◆ **TASK PROMPT**
Exactly as written, output the lines below starting from the first and ending with the line that contains "Amazon Basics Retractable"; omit pictures.

Pictures with short captions
□ □ □ □ □ □ □

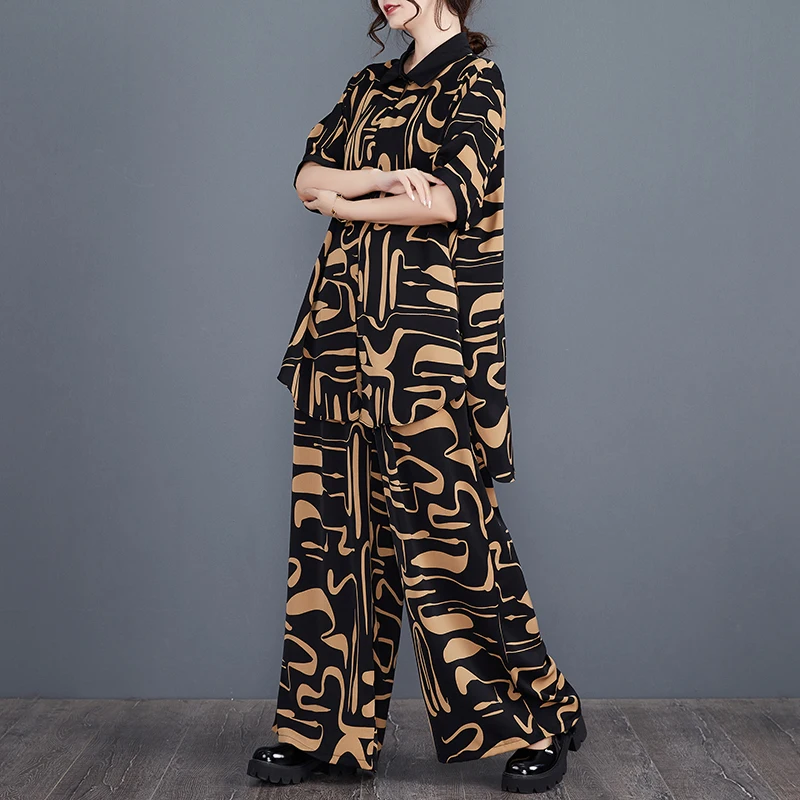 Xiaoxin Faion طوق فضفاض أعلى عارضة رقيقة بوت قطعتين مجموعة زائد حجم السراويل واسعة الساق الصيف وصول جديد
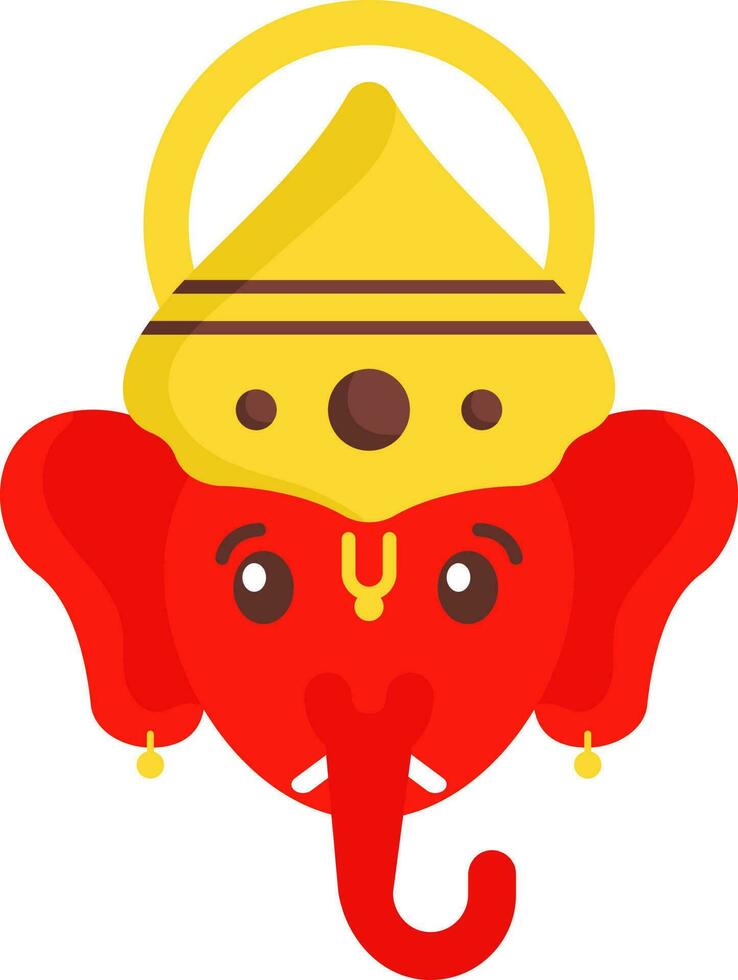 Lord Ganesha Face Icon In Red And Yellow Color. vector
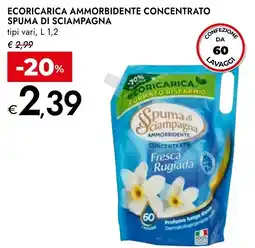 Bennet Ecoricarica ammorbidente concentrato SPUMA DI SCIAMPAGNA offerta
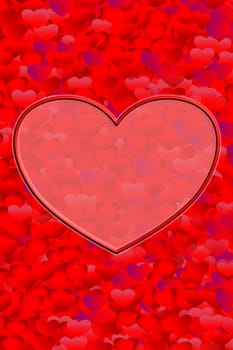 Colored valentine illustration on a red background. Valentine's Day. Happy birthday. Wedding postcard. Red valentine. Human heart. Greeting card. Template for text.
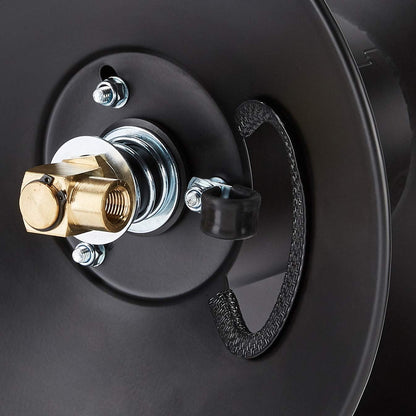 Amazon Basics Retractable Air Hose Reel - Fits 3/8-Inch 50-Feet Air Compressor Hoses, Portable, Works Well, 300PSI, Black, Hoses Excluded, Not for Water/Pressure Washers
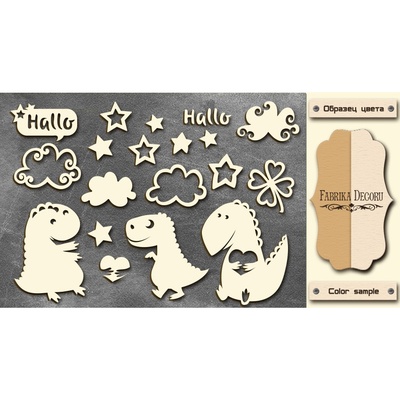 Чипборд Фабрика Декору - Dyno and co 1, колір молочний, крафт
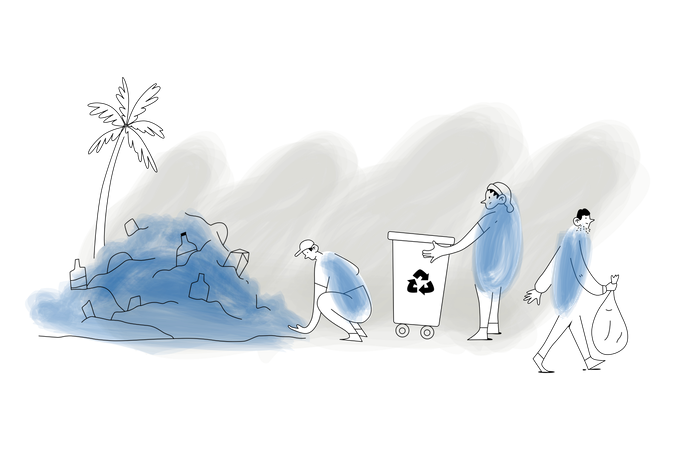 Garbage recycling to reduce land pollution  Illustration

□ □ □ □ □ □ □

◆ **EXERCISE RESPONSE**
 Xiaoxin Faion طوق فضفاض أعلى عارضة رقيقة بوت قطعتين مجموعة زائد حجم السراويل واسعة الساق الصيف وصول جديد
 Lord Ganesha Face Icon In Red And Yellow Color. vector
 Bennet Ecoricarica ammorbidente concentrato SPUMA DI SCIAMPAGNA offerta
 Colored valentine illustration on a red background. Valentine's Day. Happy birthday. Wedding postcard. Red valentine. Human heart. Greeting card. Template for text.
 Amazon Basics Retractable Air Hose Reel - Fits 3/8-Inch 50-Feet Air Compressor Hoses, Portable, Works Well, 300PSI, Black, Hoses Excluded, Not for Water/Pressure Washers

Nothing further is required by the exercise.